VAT isn’t the first thing you tend to think of when you look at the wording of a planning consent, but the VAT payable on the construction costs of a property can be severely affected by the wording, as a recent case shows. It involved a man who wanted to build a new dwelling on the grounds of his listed manor house. The new building was completely self-contained and he claimed the works were zero-rated as they were alterations to a protected (listed) building under item 2 of Group 6 of Schedule 8 to the Value Added Tax Act 1994
, because the building had been constructed on the site of a former cottage and pig sties that had been demolished.

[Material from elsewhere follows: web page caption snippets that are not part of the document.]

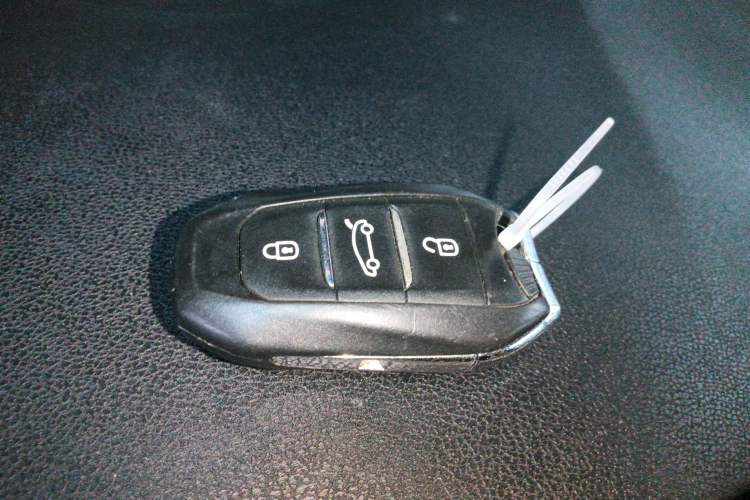Used DS 6 2014 1.6T Luxury Edition THP160 Vehicle Key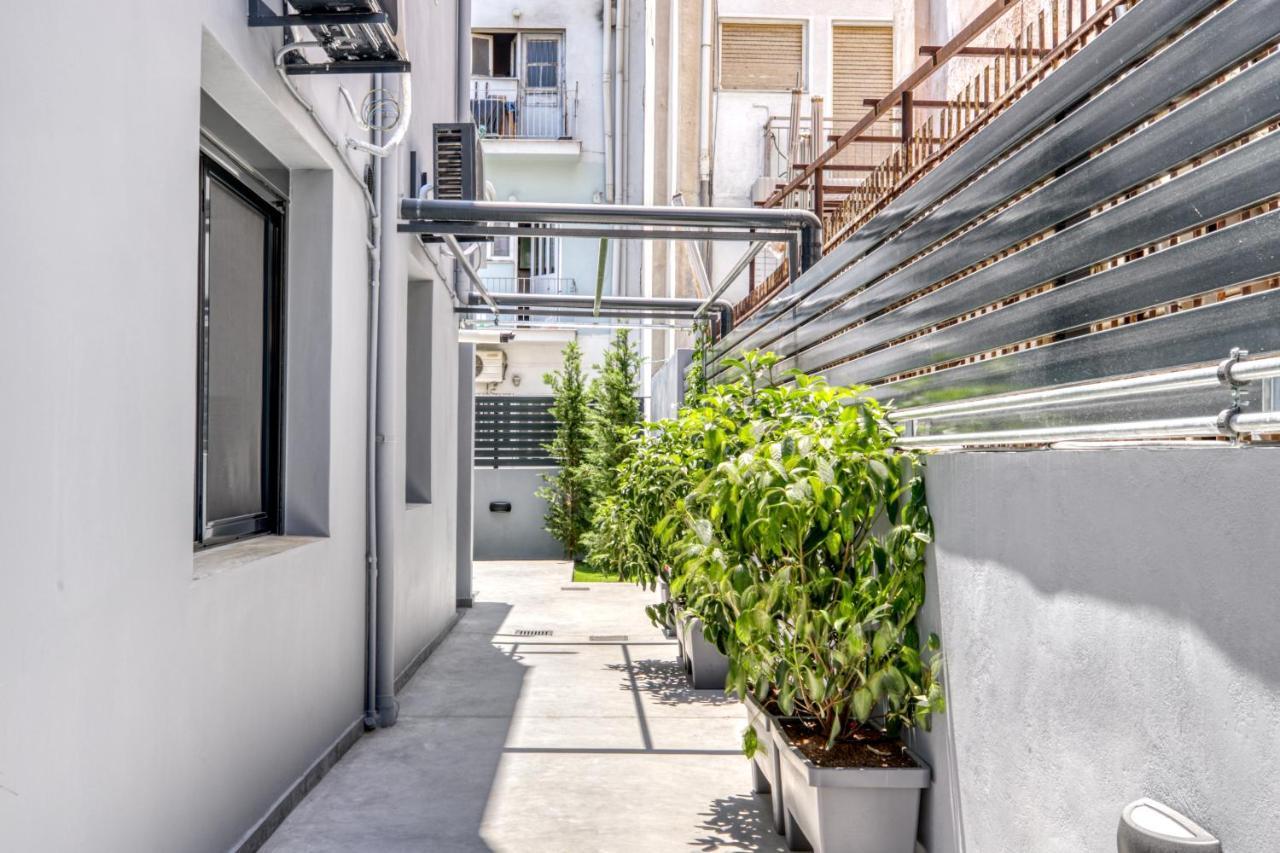 Spacious Flat With Courtyard And Private Parking! 아테네 외부 사진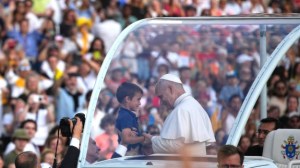 El papa León XIV en una visita histórica en España: bendecirá hoy la nueva torre de la Sagrada Familia de Barcelona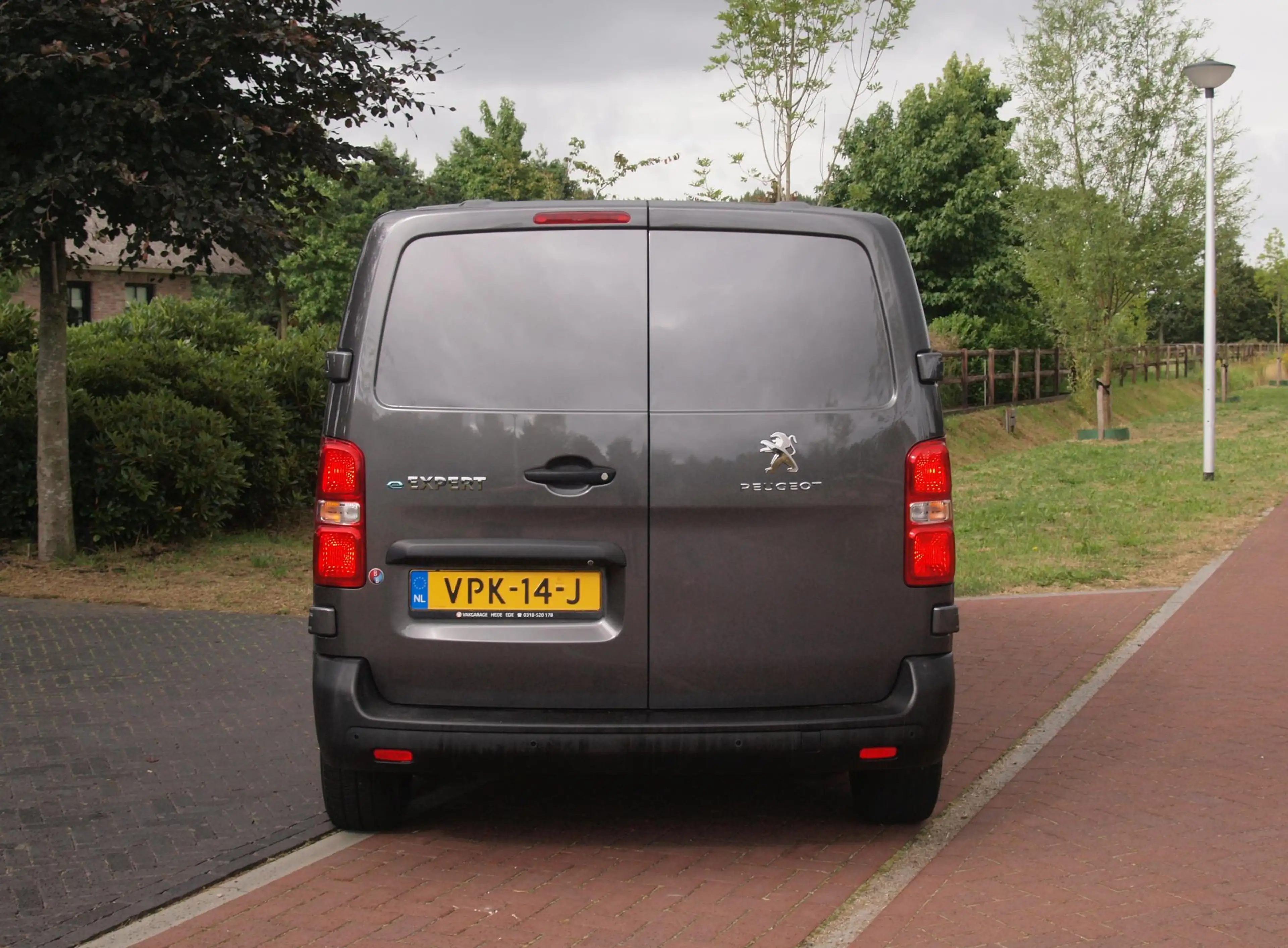 Peugeot e-Expert Standard Premium 75 kWh | Side bars | Apple Carpla — photo 9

The planning consent specified that the new building could only be used ‘for purposes either incidental or ancillary to the residential use’ of the existing property. The question that arose was whether the wording meant that the planning permission prohibited separate use of the dwelling.
Under VAT law, a property can only be zero-rated if separate use is not prohibited, but did the planning permission mean that separate use was prohibited? HM Revenue and Customs claimed that it did and therefore the building works were subject to VAT.
However, the VAT Tribunal accepted that as the dwelling was a separate building, it could not be argued that it had to be used by the same family as used the manor house. It could be used, for example, by relatives or visitors. Furthermore, there was no prohibition in the planning permission against selling the new building separately.
There was, therefore, no prohibition on separate use, with the result that the building was zero-rated for VAT.